Leave the pictures out and quote only the lines from the one with "Vintage basket with" down to the end of the listing below.

— Source data —
■ ■ ■ ■ ■ ■ ■
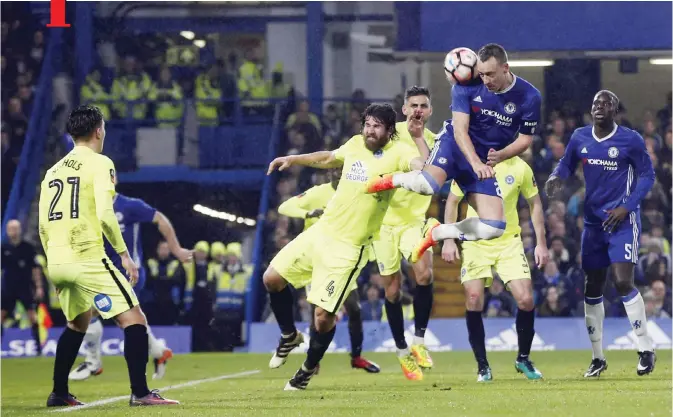  ??  ?? LONDON: Chelsea’s John Terry, top, heads the ball under pressure from Peterborou­gh United’s Michael Bostwick, center, during the English FA Cup third round soccer match between Chelsea and Peterborou­gh United at Stamford Bridge stadium in London,...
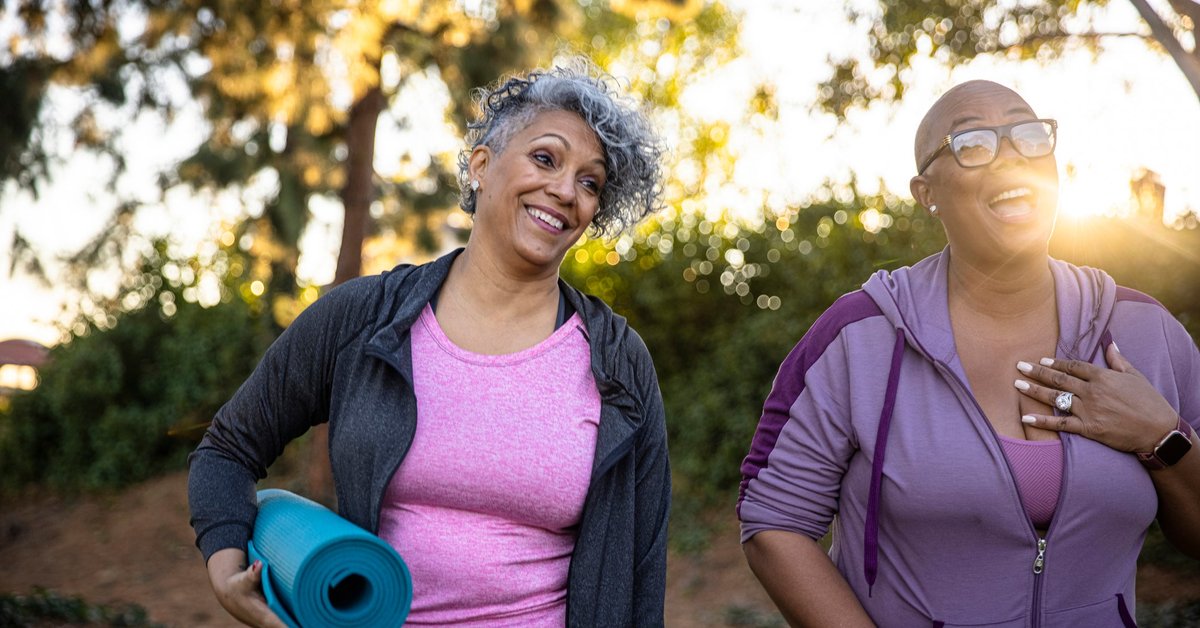 Two smiling middle age adults outdoors with yoga mats.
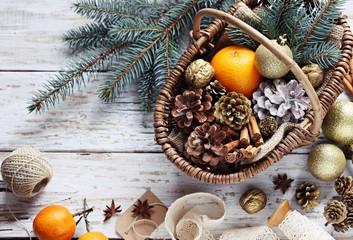 Vintage basket with Christmas festive decoration. Overhead view.Copy space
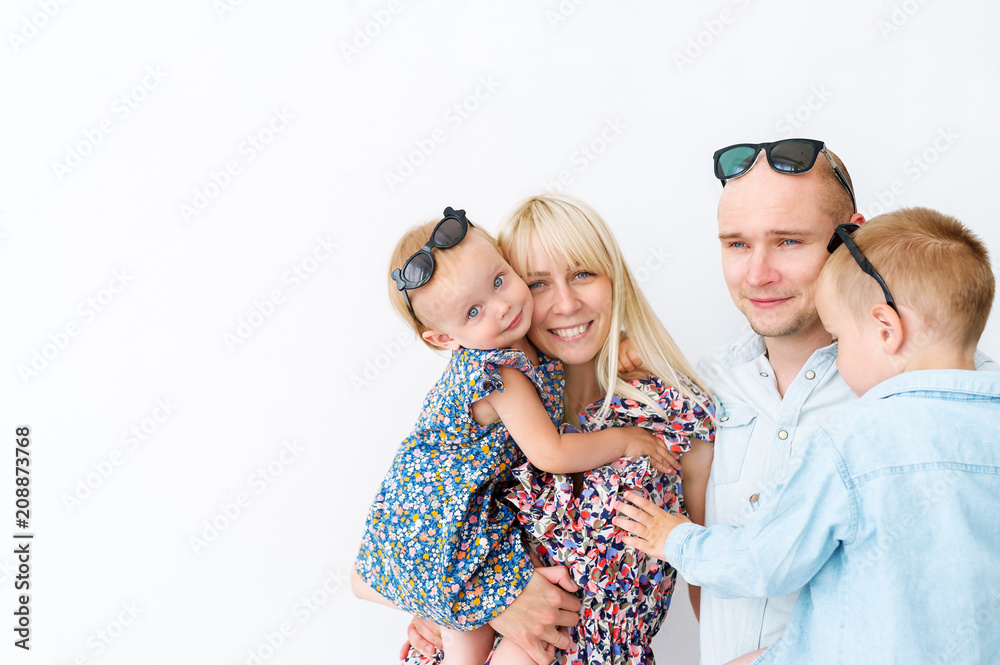 Father, mother and two small children are standing together on the white background. Father, mother and two small children are standing together on the white background.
■ ■ ■ ■ ■ ■ ■
— Exercise output —
 Vintage basket with Christmas festive decoration. Overhead view.Copy space
 Father, mother and two small children are standing together on the white background. Father, mother and two small children are standing together on the white background.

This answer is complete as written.